My musings on the New Testament, Early Christianity, Religion, Literature, and Other Phenomena and Ephemera.
Friday, July 6, 2007
Critical Edition of Codex Tchacos
I have been away for the last week and was happy to see when I returned that my copy of the critical edition of the Codex Tchacos was waiting for me in the mailroom. Of course, it is entitled the "Gospel of Judas together with the Letter of Peter to Philip, James, and a Book of Allogenes from Codex Tchacos" with the Gospel of Judas in much larger print than the other titles for marketing purposes, to be sure. But I am particularly excited to read the books getting less press.
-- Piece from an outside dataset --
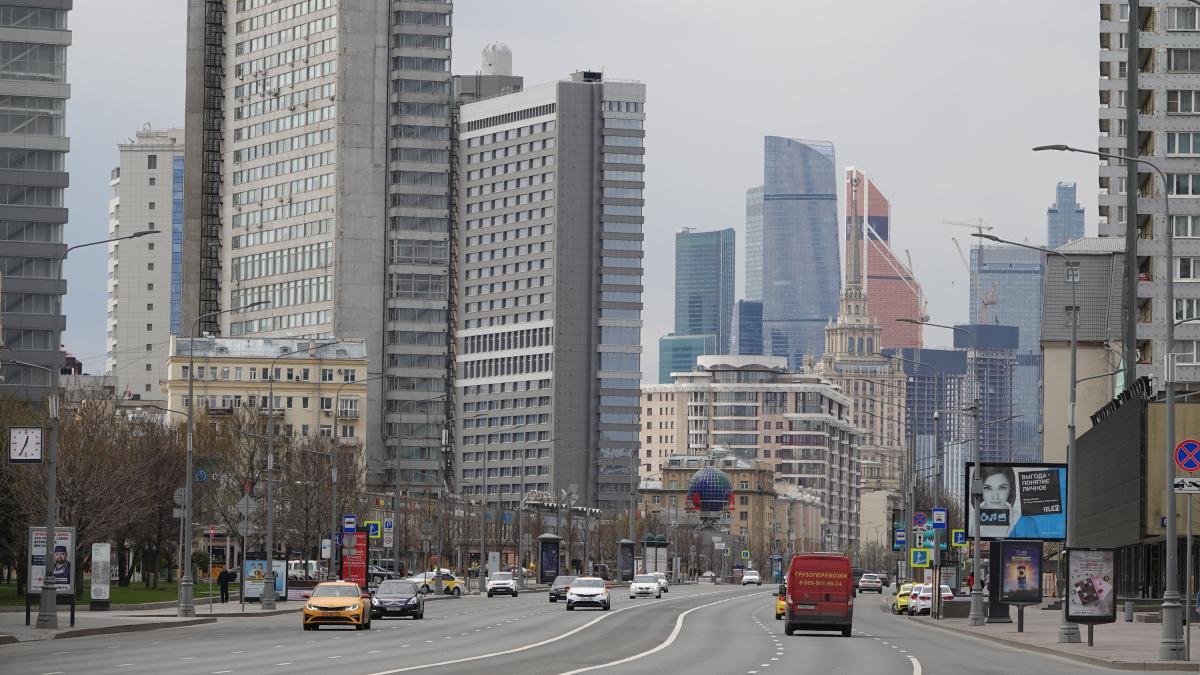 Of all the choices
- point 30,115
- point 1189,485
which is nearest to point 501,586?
point 30,115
Two of them, the Letter of Peter to Philip and James, are attested in the Nag Hammadi Codices, and so FINALLY we can see variant readings of the same text and begin to discuss issues of transmission history in ways that we cannot for most NHC documents. But the real gem, in my view, is the tentatively-titled "Book of Allogenes," which appears to be almost a midrash on Jesus' temptation in the desert and the Transfiguration all wrapped into one, but instead of saying "Jesus" the text speaks of ''Allogenes" or the "Stranger/Foreigner/Alien." I have only skimmed the contents of of this volume, but it contains introductory essays on the codicological analysis, the particularities of the Coptic dialect in these four tractates, and so on, photographs of the text, a coptic reconstruction of the text, English and French translations, and an index of the Coptic words used in each tractate, particularly proper names and places, etc. I can't wait to dive into these texts.